──────── GIVEN RECORDS ────────
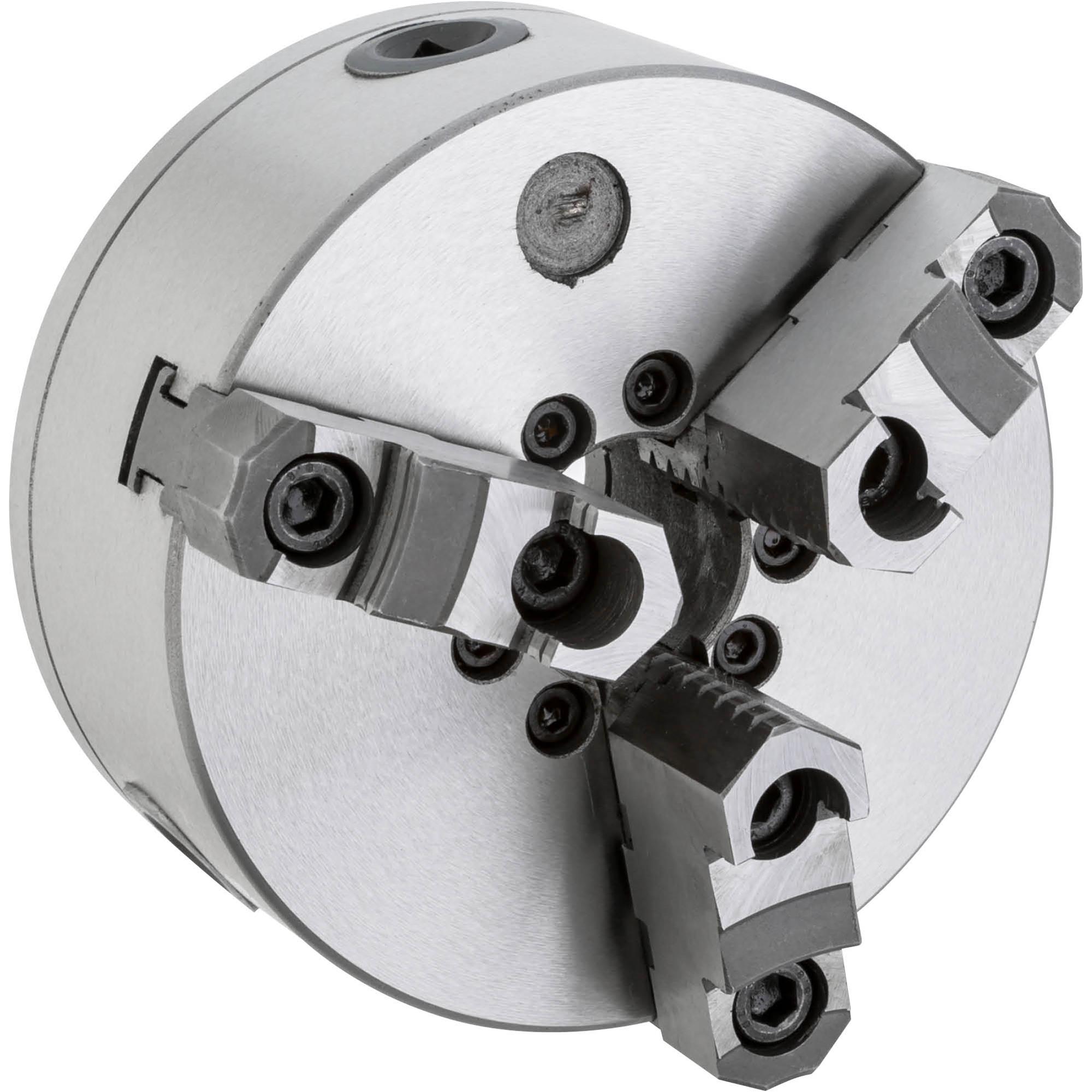 6" 3Jaw Scroll Chuck D14 Grizzly Industrial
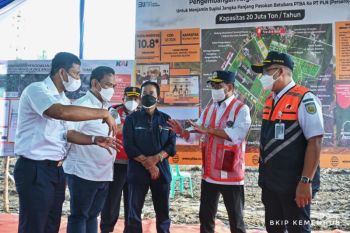 Kemenhub dukung PT KAI dan PT Bukit Asam serta PT PLN kembangkan angkutan batubara di Sumsel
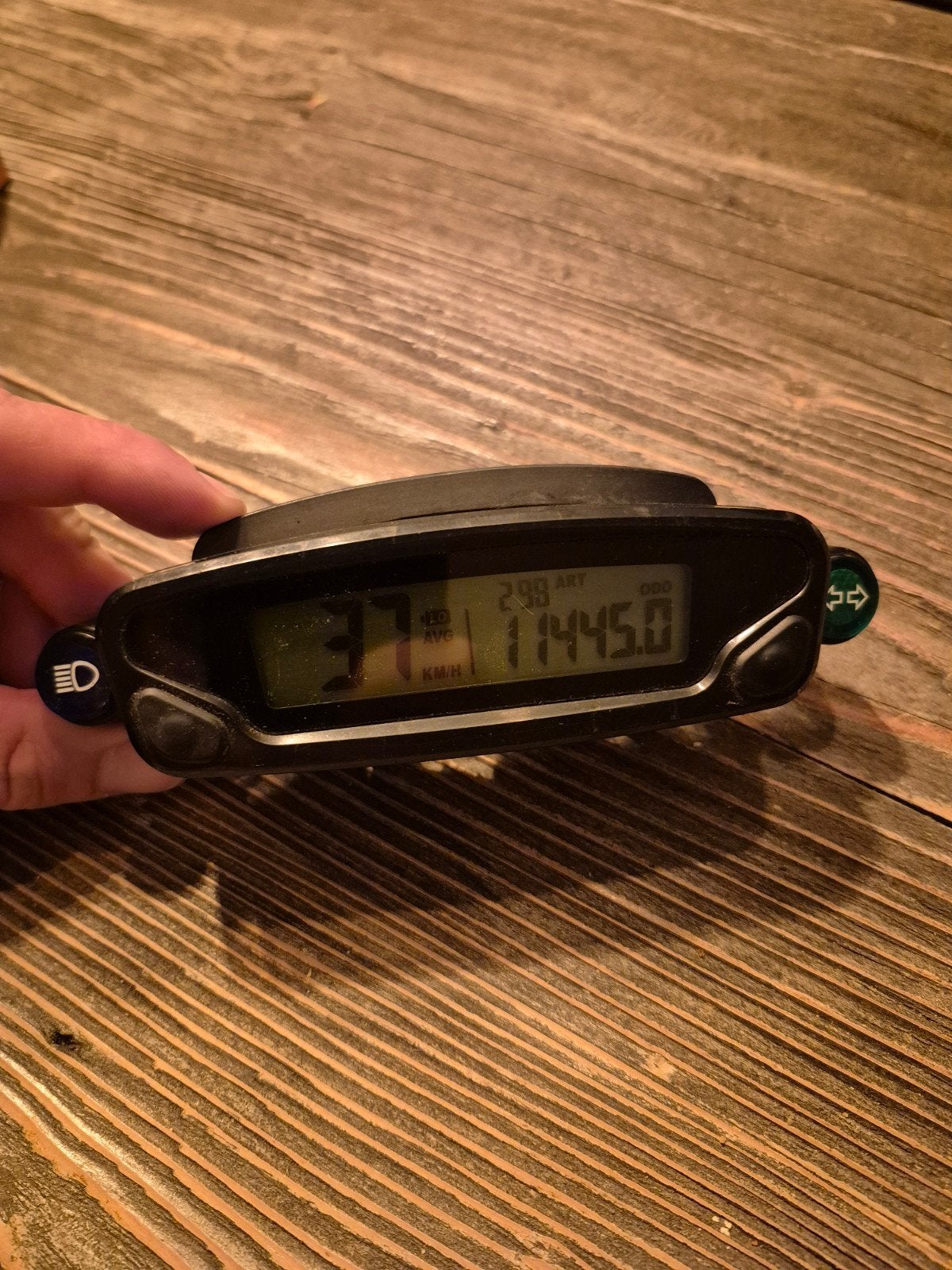 KTM Teller Odometer Urenmeter met houder - Nette staat, Ophalen of Verzenden
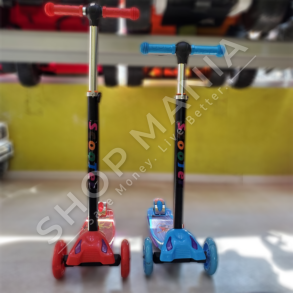 SCOOTER ME 3 RROTA ME DRITA & MUZIKE +3VJEC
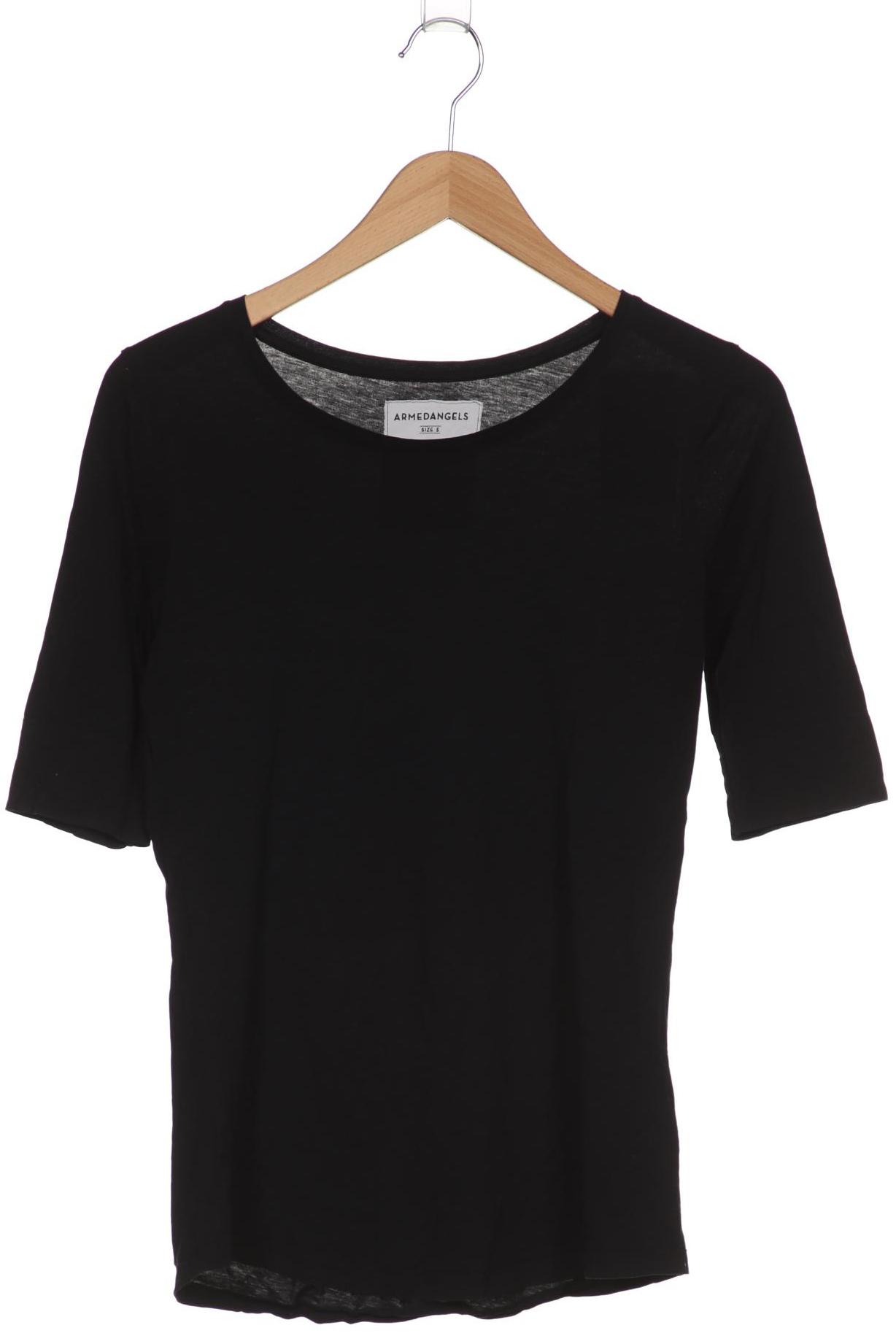 

Armedangels Damen T-Shirt, schwarz, Gr. 36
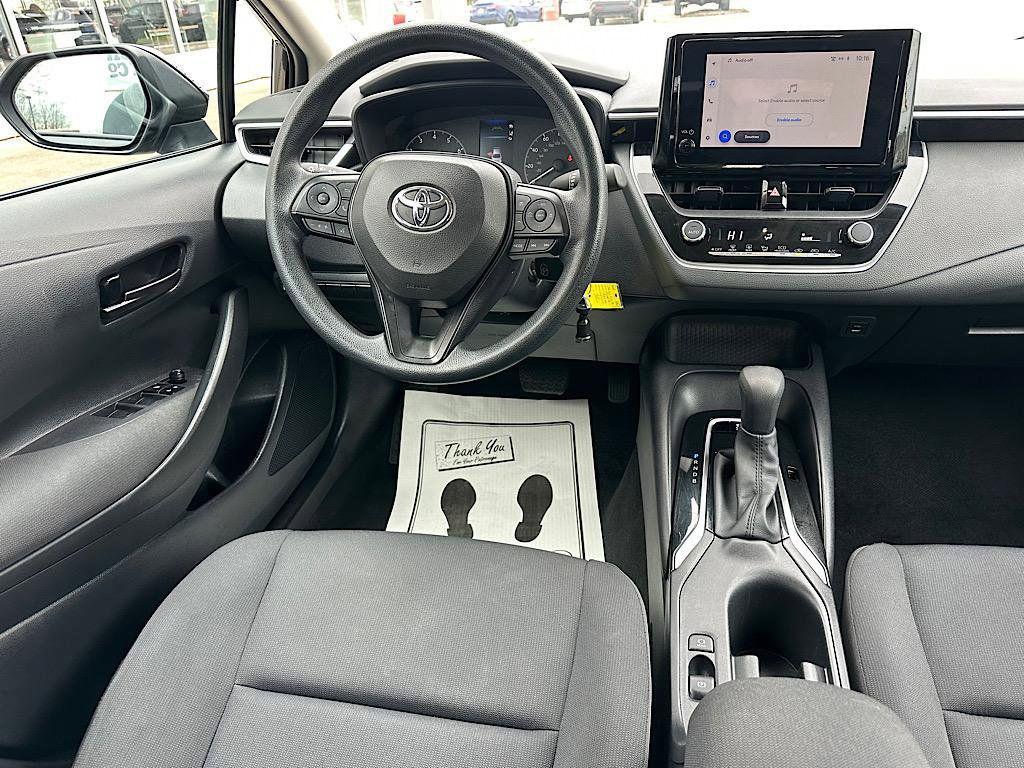 used 2025 Toyota Corolla car, priced at $21,127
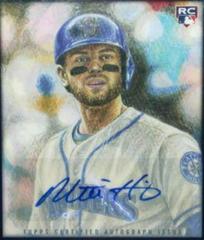 Mitch Haniger [Autograph Blue] #109 Baseball Cards 2017 Topps Gallery Prices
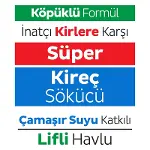 Sleepy Yüzey Temizlik Havlusu 30 Adet Kireç Çözücü-3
────────
• [WORK REQUEST] An exact copy is needed of every line from the line containing "Mitch Haniger [Autograph" to the last line of the records; pictures stay out of it.

• [TASK OUTPUT]
 Mitch Haniger [Autograph Blue] #109 Baseball Cards 2017 Topps Gallery Prices
 Sleepy Yüzey Temizlik Havlusu 30 Adet Kireç Çözücü-3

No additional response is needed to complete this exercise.